As part of his due diligence when he buys a property, Cas Holloway walks it.

Like most astute developers, he is looking at the topography, how the sun hits the site at different times of the day, and how it relates to the neighborhood surrounding it, among other things. So when Holloway walked the nearly two-acre former Main Line YMCA property in Ardmore, he knew he wanted it.

“This was a natural,” he said.

Not only did the site at the intersection of Montgomery Avenue and St. George’s Road have what Holloway likes in the look and feel of a property, it also met his other criteria. A parcel that he develops has to be in a walkable area, near shops and restaurants and be within a short walking distance of a train station. For Holloway that means the station is about a block away.

“That makes a project viable for us,” he said.

Holloway, who runs C.F. Holloway& Co., recently closed on buying the property for $6 million.
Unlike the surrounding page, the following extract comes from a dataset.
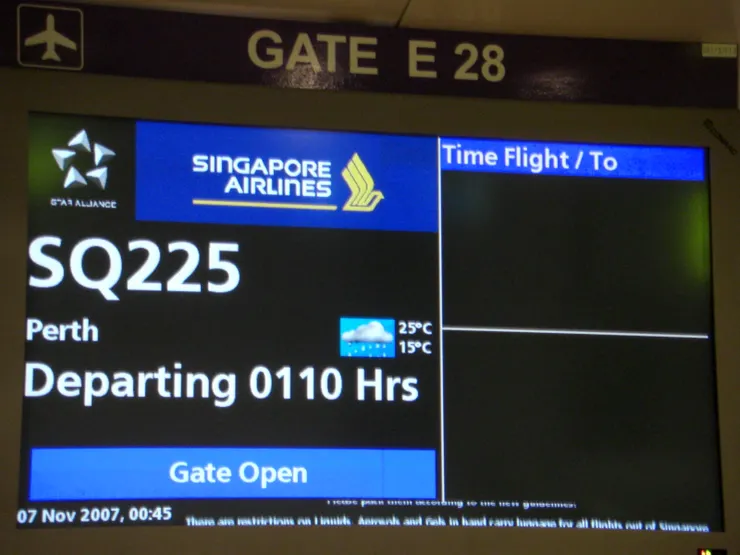2007/11/7 在新加坡轉機前往伯斯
It was a transaction that took nearly two years to get done as the previous owner, a partnership between Cornerstone Communities and Provco Group, took it through the lengthy, local approval process.

A plan was approved for a four-story building with 32 condominiums and Holloway is moving forward with a project on that scale but with one less condo and the addition of a 64-vehicle underground garage. At sell out, including acquisition costs, it’s more than a $40 million project. Most of the units are in the 2,400-a-square-foot range with a patio or terrace, and they are priced between $950,000 and about $1.4 million. It will be called 100 St. Georges ­— without the apostrophe.

Bernardon Haber Holloway (no relation to Cas Holloway) is the architect. The firm designed the project to blend into its neighbor across the street — Suburban Square — and the cast stone façade looks a lot like the limestone used at the shopping center. Among its interior amenities are a lobby with a fireplace, club room and fitness facility.

When Holloway got the land, he also got a list of 19 people who, early on, had notified Cornerstone they were interested in unit. Even though the purchase of the property hadn’t closed, Holloway contacted them as well as a list he had cultivated to gauge their interest. In groups, they met at the site last December and he showed them his plans.

He then took them to see his other work in Wayne, where he has in the last five years completed three successful condominium projects. He wanted these prospective buyers to get an idea of what a finished project might look like.

It worked. In the dead of winter, nine put a $10,000 deposit down and picked which units they wanted. More interest followed. Even though Holloway doesn’t expect to break ground until this fall, he now has 12 under agreement.